The Department of Energy (DOE) has awarded Assistant Professor Dan Kotlyar a total of $1 million through the Nuclear Engineering University Program (NEUP) program to perform two nuclear energy research projects.
The first project will be performed in collaboration with University of California, Berkeley, Oak Ridge National Laboratory, and Framatome. The project will extend the applicability of Coupled Monte Carlo to time-dependent problems. The new methods will be implemented directly into the Shift code, which is being developed as part of the Nuclear Energy Advanced Modeling and Simulation (NEAMS) program.

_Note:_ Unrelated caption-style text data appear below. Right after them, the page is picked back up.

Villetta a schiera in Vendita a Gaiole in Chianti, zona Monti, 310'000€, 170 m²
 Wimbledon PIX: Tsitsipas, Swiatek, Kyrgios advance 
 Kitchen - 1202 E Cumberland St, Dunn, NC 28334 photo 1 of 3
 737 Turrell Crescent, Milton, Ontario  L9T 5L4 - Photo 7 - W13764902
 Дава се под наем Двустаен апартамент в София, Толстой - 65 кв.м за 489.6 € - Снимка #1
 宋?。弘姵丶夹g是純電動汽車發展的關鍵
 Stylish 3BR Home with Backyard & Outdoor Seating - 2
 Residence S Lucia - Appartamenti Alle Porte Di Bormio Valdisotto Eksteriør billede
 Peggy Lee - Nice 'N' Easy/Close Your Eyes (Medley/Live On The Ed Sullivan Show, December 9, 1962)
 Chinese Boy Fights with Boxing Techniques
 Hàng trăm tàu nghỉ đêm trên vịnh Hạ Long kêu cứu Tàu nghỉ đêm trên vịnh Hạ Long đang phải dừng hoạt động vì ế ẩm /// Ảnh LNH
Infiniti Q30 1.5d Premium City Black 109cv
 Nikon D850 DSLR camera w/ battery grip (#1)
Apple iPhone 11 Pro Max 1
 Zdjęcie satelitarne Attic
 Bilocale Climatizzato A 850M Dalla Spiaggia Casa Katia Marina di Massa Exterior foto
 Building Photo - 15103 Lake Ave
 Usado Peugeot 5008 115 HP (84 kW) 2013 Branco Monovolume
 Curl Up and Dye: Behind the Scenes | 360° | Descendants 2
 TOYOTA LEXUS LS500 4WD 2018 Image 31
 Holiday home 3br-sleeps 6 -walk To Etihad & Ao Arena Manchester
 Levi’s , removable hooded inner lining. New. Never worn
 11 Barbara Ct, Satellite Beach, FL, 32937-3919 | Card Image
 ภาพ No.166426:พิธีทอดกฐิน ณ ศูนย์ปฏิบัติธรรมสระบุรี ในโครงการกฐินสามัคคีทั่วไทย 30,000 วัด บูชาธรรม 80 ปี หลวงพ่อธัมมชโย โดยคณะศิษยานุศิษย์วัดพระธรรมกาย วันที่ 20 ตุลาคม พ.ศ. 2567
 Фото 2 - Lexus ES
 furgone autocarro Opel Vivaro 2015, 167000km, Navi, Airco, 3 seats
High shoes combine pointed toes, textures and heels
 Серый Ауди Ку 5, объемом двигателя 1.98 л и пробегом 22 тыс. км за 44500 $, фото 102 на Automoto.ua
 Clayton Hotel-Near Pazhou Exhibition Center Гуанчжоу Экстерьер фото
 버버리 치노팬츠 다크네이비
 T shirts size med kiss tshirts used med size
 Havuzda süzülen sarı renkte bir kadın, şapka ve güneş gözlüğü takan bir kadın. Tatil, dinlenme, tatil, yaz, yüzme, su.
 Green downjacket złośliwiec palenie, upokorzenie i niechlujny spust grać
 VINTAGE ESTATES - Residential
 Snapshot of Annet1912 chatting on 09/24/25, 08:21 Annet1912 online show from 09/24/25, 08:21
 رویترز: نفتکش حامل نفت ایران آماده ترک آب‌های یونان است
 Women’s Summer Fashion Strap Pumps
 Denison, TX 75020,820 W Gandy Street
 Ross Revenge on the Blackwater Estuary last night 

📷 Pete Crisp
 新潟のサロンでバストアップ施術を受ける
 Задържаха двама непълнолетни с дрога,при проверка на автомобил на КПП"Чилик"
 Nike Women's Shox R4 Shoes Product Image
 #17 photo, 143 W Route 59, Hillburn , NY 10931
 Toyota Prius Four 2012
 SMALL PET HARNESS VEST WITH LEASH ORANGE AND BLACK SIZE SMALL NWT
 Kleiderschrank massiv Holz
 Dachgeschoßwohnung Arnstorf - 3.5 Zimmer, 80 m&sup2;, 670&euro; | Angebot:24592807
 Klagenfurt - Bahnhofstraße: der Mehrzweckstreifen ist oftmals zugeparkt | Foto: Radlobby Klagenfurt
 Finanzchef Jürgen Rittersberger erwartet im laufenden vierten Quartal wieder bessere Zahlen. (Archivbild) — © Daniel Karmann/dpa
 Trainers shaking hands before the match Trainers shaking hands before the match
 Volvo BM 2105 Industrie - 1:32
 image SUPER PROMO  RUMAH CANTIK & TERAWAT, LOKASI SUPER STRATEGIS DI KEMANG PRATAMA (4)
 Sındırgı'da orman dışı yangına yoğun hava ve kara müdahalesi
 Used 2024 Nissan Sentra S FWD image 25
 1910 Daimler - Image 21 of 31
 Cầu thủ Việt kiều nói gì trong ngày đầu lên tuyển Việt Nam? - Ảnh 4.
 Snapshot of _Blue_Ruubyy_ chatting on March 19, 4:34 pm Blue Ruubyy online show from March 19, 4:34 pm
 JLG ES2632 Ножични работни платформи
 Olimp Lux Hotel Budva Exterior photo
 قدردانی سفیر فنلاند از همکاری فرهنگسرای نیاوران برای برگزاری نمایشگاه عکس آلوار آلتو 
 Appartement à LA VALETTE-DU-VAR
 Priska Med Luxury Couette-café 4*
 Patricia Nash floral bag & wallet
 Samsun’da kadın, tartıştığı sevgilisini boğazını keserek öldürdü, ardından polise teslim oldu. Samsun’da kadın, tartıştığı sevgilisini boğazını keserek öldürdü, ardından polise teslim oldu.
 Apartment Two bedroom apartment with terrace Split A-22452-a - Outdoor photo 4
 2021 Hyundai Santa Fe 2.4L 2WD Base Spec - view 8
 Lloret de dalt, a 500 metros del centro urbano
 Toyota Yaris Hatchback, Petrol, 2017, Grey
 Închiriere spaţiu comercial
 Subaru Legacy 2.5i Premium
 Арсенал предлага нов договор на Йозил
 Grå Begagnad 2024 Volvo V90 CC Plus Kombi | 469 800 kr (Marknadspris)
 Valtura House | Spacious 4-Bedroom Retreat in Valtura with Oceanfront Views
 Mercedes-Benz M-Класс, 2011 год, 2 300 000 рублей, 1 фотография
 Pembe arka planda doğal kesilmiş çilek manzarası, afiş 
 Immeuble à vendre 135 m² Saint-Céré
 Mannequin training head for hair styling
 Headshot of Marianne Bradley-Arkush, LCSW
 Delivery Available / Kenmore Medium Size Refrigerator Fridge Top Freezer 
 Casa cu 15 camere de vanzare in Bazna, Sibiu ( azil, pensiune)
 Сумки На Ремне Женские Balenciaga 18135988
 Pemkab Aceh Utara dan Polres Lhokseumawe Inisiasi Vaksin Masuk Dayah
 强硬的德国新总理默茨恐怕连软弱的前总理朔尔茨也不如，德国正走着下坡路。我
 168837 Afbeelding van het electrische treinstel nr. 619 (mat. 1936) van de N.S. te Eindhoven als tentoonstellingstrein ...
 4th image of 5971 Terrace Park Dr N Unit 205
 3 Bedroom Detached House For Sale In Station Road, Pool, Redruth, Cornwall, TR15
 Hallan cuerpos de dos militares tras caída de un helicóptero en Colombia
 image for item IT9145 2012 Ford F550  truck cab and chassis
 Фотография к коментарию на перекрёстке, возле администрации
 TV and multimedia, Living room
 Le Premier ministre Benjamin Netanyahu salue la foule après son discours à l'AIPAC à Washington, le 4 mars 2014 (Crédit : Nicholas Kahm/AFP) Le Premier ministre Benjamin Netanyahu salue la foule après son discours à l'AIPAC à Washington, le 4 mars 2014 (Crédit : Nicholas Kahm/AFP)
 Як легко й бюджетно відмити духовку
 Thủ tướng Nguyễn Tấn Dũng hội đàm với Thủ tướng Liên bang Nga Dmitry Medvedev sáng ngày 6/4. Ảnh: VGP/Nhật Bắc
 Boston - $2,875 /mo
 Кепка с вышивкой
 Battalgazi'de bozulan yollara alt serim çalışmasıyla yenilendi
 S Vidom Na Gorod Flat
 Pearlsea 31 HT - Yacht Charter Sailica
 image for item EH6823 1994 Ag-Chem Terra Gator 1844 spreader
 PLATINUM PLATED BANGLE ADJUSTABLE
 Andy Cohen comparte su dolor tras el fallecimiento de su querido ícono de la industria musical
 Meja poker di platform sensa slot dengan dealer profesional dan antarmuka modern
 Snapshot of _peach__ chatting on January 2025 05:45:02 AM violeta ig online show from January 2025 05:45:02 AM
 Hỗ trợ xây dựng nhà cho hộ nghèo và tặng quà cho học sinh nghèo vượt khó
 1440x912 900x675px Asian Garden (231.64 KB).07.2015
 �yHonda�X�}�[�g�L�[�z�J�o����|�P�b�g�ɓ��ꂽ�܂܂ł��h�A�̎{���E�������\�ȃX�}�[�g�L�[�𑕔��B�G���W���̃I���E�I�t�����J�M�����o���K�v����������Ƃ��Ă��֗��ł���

“Monte Carlo codes are ideal to generate reference solutions as they provide the highest level of fidelity, however their use is primarily limited to time-independent solutions," explained Kotlyar. "Our project will focus on examining practical and efficient techniques so that Monte Carlo codes, and specifically the Shift code, can be used in transient problems.”
The second project will be performed in collaboration with University of Wisconsin-Madison, Idaho National Laboratory, and BWXT. The proposed project will develop an International Reactor Physics Experiment Evaluation Project (IRPhEP) mulitphysics microreactor benchmark evaluation based on data from the Systems for Nuclear Auxiliary Power (SNAP) program. The proposed work will leverage the extensive experimental measurements accumulated over 15 years. Utilizing the SNAP program experience is a cost-effective way to advance the technology of future microreactors, such as those being proposed for lunar surface power missions (e.g., KRUSTY), or terrestrial deployment (e.g., eVinci™). The SNAP program shares many characteristics with today’s microreactors that include comparable power output and compact core design.
“This project will be valuable in validating various computational tools and will assist in qualifying them as a design, and potentially licensing tools to promote the microreactors technology," said Kotlyar. This is also one of the main goals defined by the US NRC BlueCRAB program for advanced reactor analysis.”